The higher levels of the pyramid are often over-inflated because the QA effort is focused on testing, and not on assuring quality. In an environment where a piece of work is ‘thrown over the fence’ to the QA team, there is little trust (or interest) in any efforts the developer might have already gone to in the name of quality. This leads to inefficiently testing endless combinations of request properties of API’s or endless possibilities of paths a user could navigate through a web application.

If the software team can build an environment of trust and collaboration, it becomes easier for QA to work closer with developers and combine efforts for test coverage. Some business logic in an API being hit by a web application could be tested with 100% certainty at the unit level, leaving integration tests to prove the points of integration, and just a handful of UI tests to make sure the application handles any differing responses correctly.

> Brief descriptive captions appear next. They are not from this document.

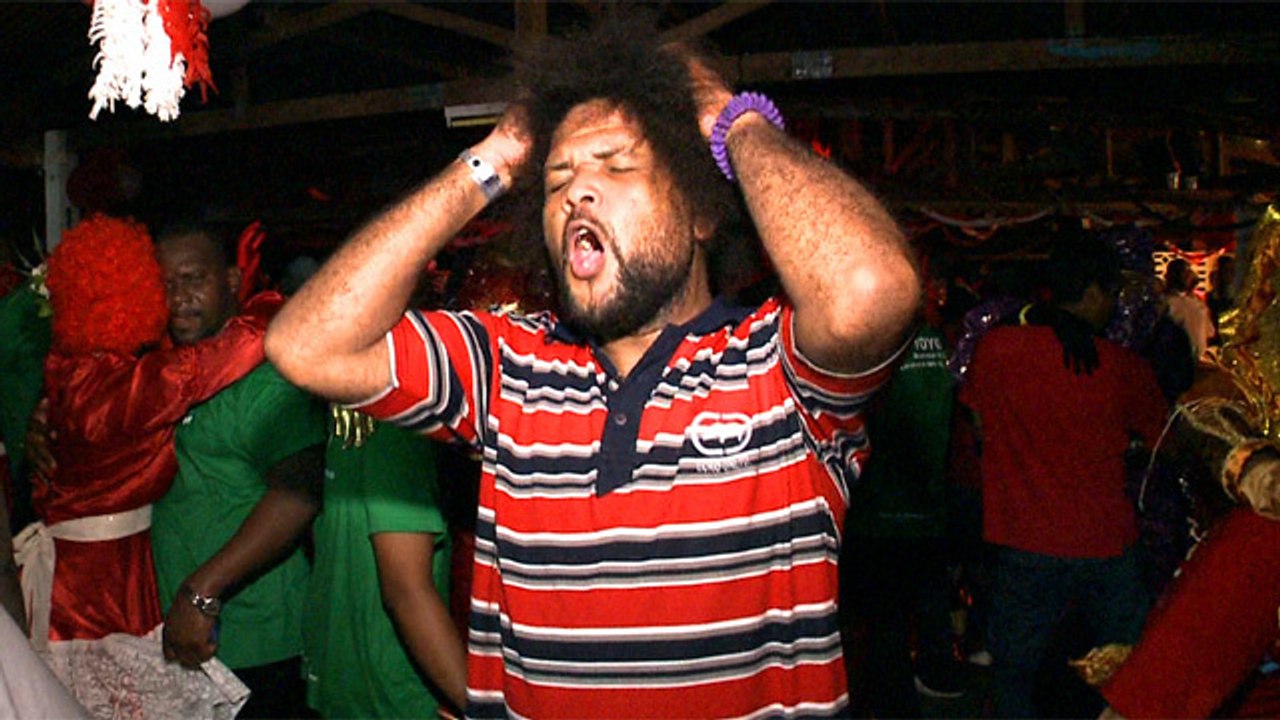 Carnaval 2010 : Dernier bal paré-masqué du mardi gras (3)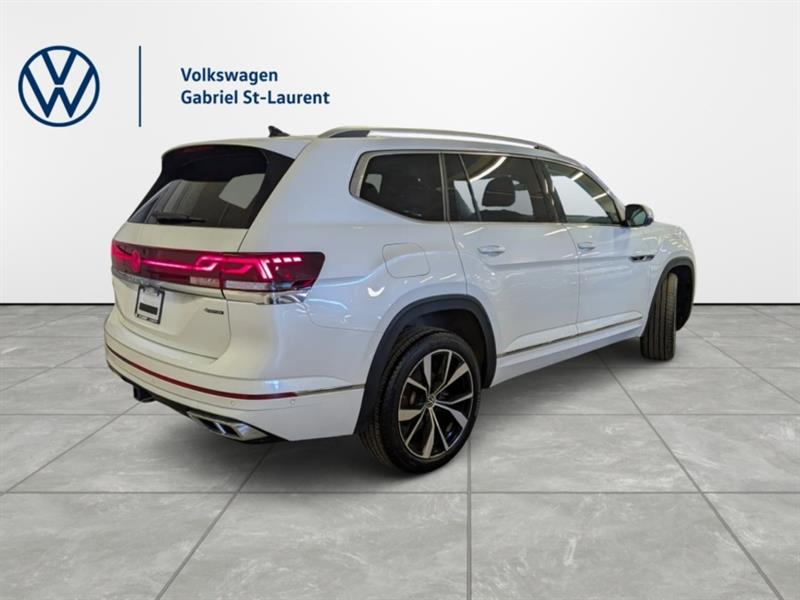 volkswagen Atlas 2024 - 5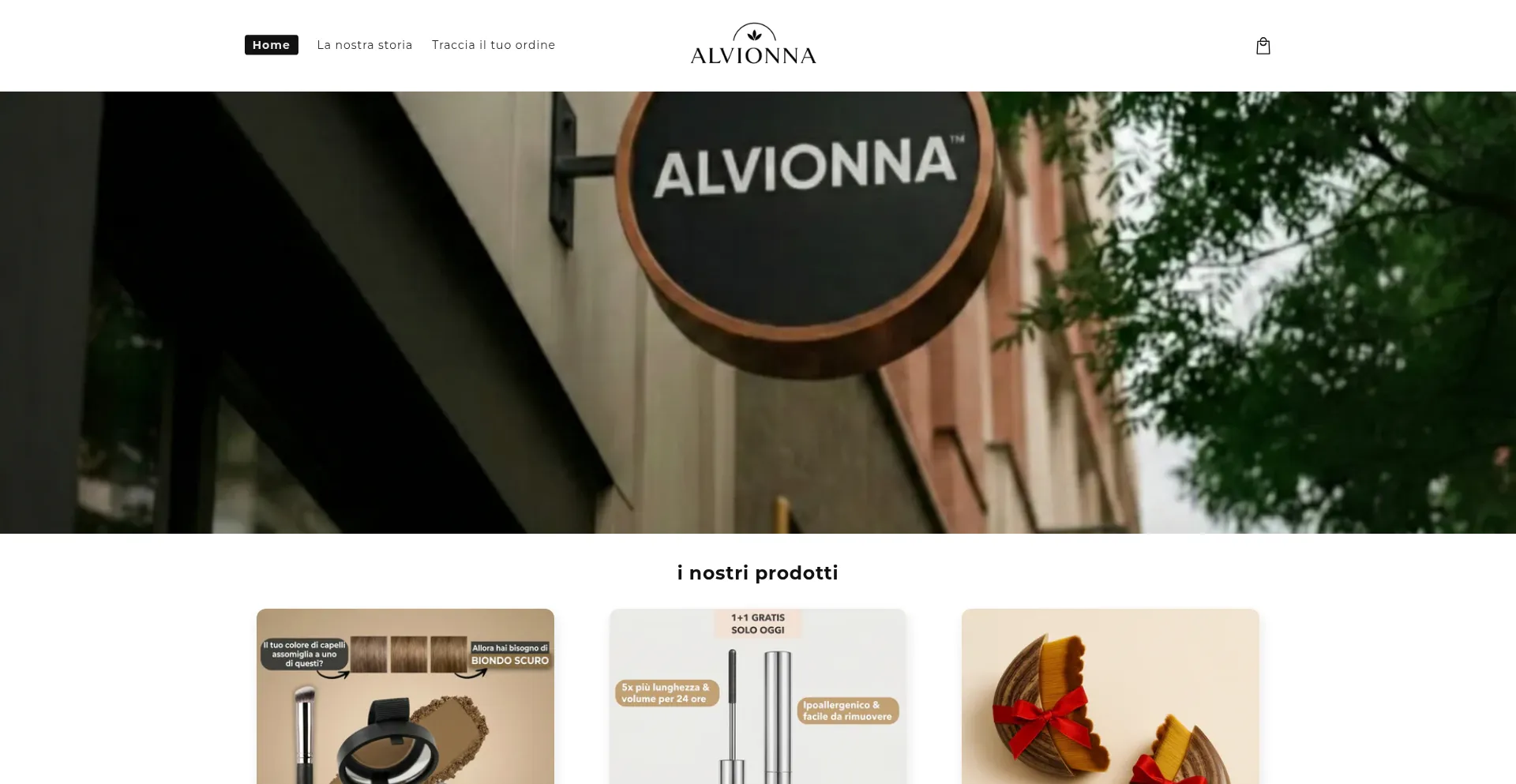 Alvionna.com
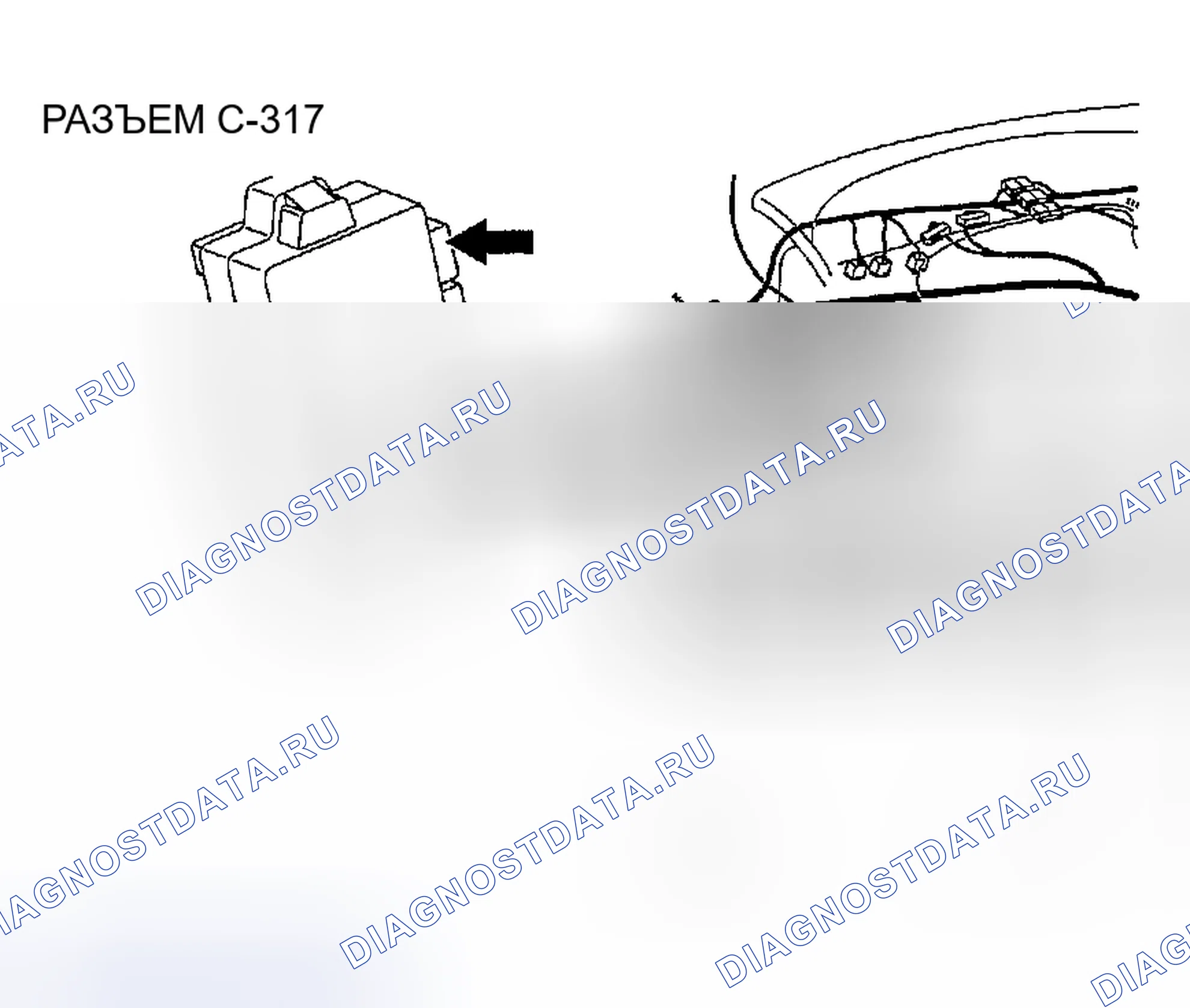 Рис. 568. Chrysler Sebring II рестайлинг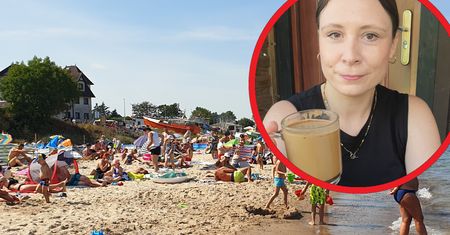 Spędziłam urlop w pracowniczym domku z PRL-u nad Bałtykiem. Lunapark za oknem to nie jedyna zmiana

This is only possible with trust and collaboration between QA and Developers.

Distrust and suspicion leads to QA ignoring the absolute proof of a suite of passing tests which fully define the business logic being written.

What does it mean?

Software development is a team effort. Developers need to know how their code will be tested, QA need to know what testing the developer will do, even Architects need to pay attention to the testability of what they design; and if something isn’t working, people need to talk to each other and fix the problem.

Managers of software teams all too often focus on getting everyone to do their bit as well as possible, overlooking the importance of collaborative skills; missing the most important aspect of software delivery.